Veröffentlicht: 01.02.2021. Rubrik: Persönliches
Kokon
Eine meiner schönsten Erinnerungen ereignete sich rund zwei Stunden bevor sie mich aufforderte, wie ein Grashalm im Wind zu schwanken. Ich stehe mitten im Raum. Wahrscheinlich spielt sanfte Musik aber ich höre sie kaum. Durch die dünnen Socken spüre ich den festen Linoleumboden unter mir. Dennoch schwankt alles. Der Druck auf meinem Brustkorb ist unerträglich und ich spüre wie Übelkeit in mir hochsteigt. Sie erkennt nicht, dass mir das Gewicht auf die Schultern drückt und den Atem abschnürt. Wie soll ich so eingezwängt überhaupt irgendeine Bewegung machen. Ich habe keine Ahnung, wie genau ein Grashalm im Wind schwingt, aber schweige vorsichtshalber. Gegen jeden Instinkt lehnte ich mich vorsichtig, langsam zur Seite, dann in Zeitlupe in die entgegengesetzte Richtung. Durch die Bewegung streicht mein Ärmel sanft gegen meine Haut und ich spürte wie mein Bein von innen gegen das Hosenbein stößt. Mir wird schlecht. Ich versteinere, doch bevor ich sie aufhalten kann, strömen Tränen über mein Gesicht. Auf keinen Fall werde ich mich noch einmal bewegen. Ich will raus aus diesem Körper, weg von diesem abstoßenden Gefühl, meine Haut auf Stoff. Derart unbetäubt.
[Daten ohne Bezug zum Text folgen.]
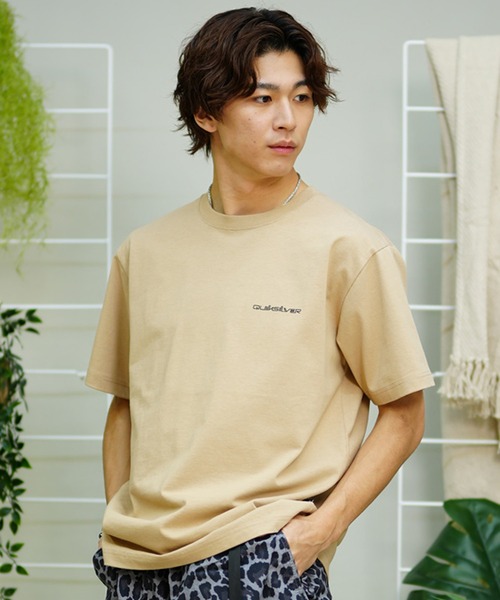 「Quiksilver」 半袖Tシャツ M ホワイト メンズ_画像6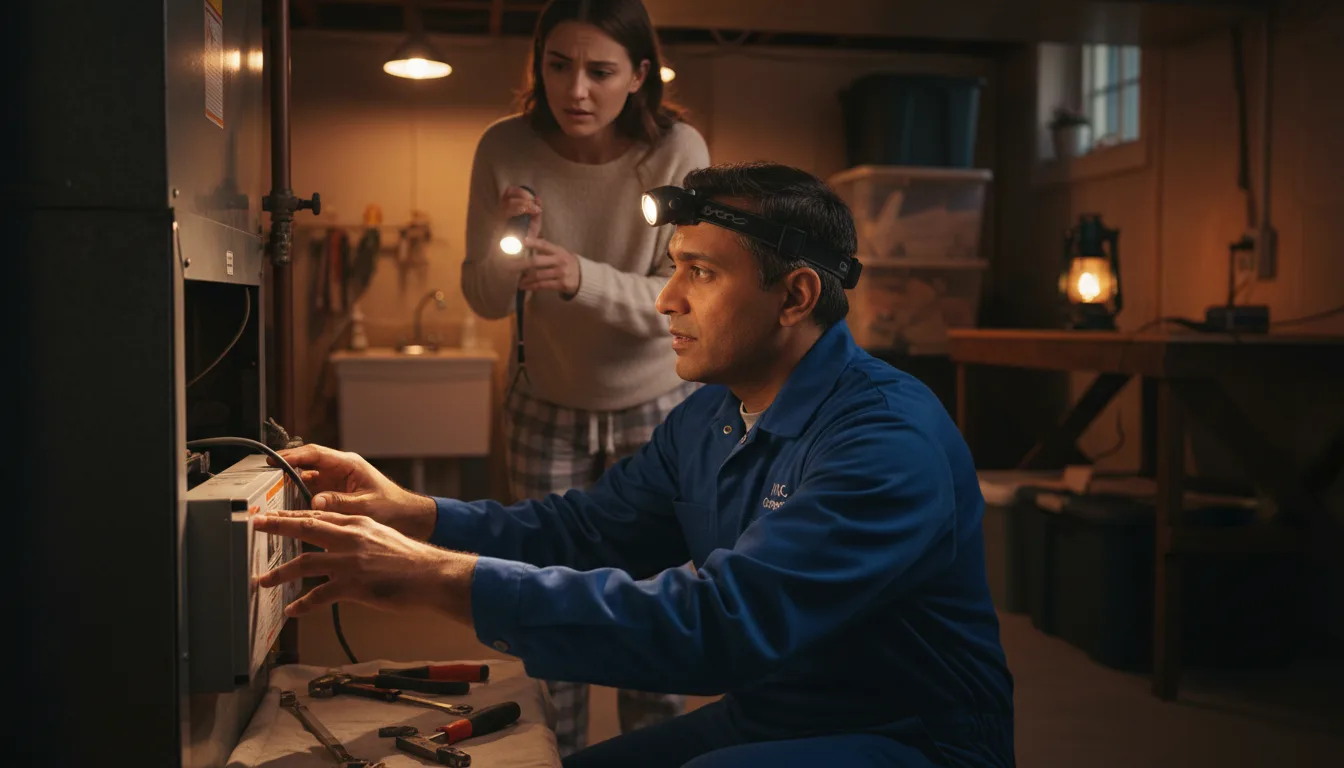 Emergency HVAC Repair in Foster, MO near me · HVAC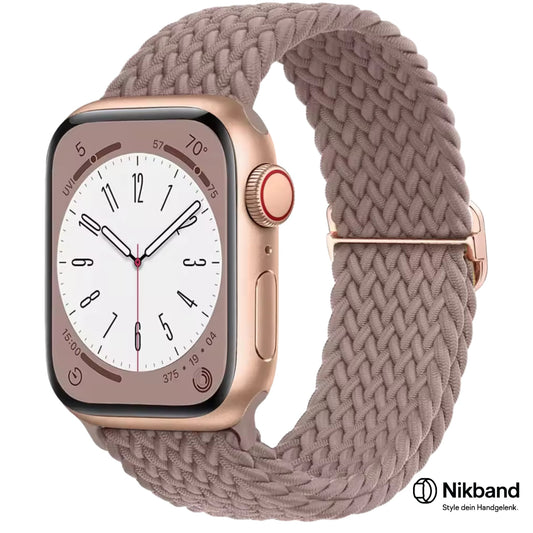 Nikband Geflochtenes Solo Loop für Apple Watch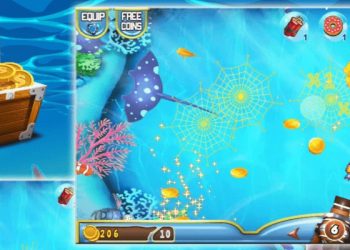 Sự phong phú về các tựa game tạo nên màu sắc riêng cho khu vực bắn cá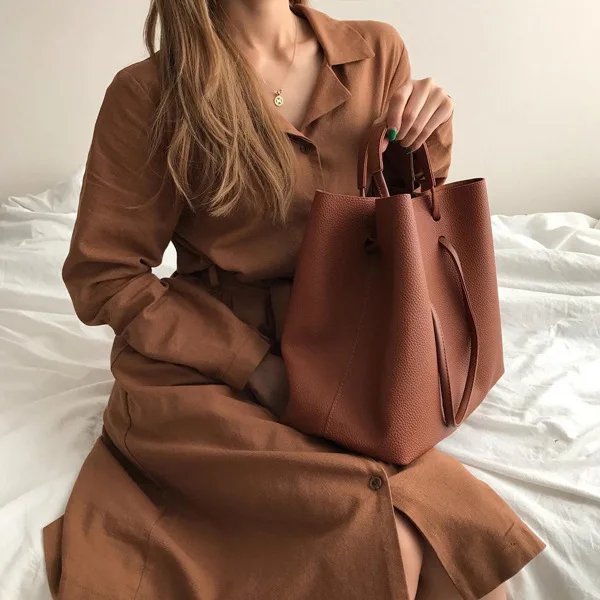 Новинка 2020 женская сумка через плечо ретро большая многофункциональная для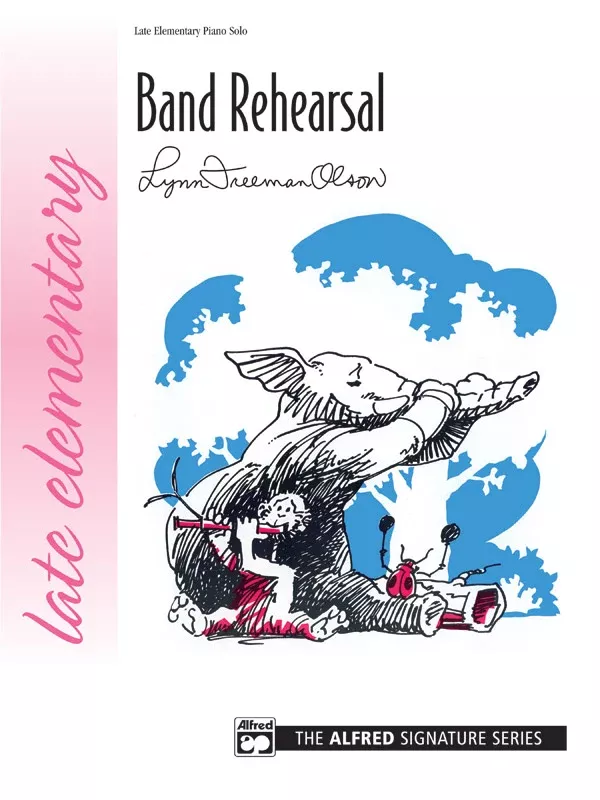Band Rehearsal: Piano Sheet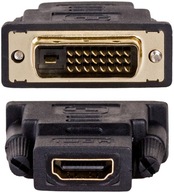 АДАПТЕР DVI-HDMI 24 + 1 GOLD DUAL LINK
Zwei Stunden zuvor liege ich strahlend und glücklich in der Hängematte. Der bunt gestreifte Stoff umgibt mich in derartiger Fülle, dass die Seiten üppig über mir zusammengeschlagen sind und einen gemütlichen Kokon bilden. Nur wenige Zentimeter über dem Boden und doch Lichtjahre entfernt schaukelt mein Kokon in absoluter Sicherheit. Ich fühle mich so wohl, wie… ich weiß nicht mehr, wann ich mich das letzte Mal so glücklich und behütet und beschützt gefühlt habe. Obwohl sie genau neben der Hängematte sitzt, keinen Meter von mir entfernt, vergesse ich völlig, dass ich nicht alleine im Raum bin und genieße meine kleine Höhle. Wahrscheinlich liest sie sich gerade meine Antworten durch. Vielleicht ist sie etwas enttäuscht oder überlegt, ob ich die Fragen nicht richtig verstanden habe. Vor Ihr liegt die Skizze eines Körpers. Alles, Kopf, Arme, Brust, Bauch, Schoß, Beine und Füße, ist rot umrandet. Nur die Hände sind orange. Zart und zögerlich zieht sich die Linie um die Handflächen. Rot bedeutet absolutes Berührungsverbot, von niemandem, niemals. Gelb bedeutet, Berührungen sind okay, wie ein Handschütteln zur Begrüßung oder ein versehentliches Streichen am Arm. Da ist aber nichts gelb. Vielleicht fragt sie sich, was man mit so einem Mädchen machen soll, wenn es nicht berührt werden kann. Sie blickt auf die Hängematte herab, ohne die leiseste Ahnung zu haben, dass sich in diesem sanft schwingenden Kokon gerade jemand zum ersten Mal seit Langem in Sicherheit fühlt.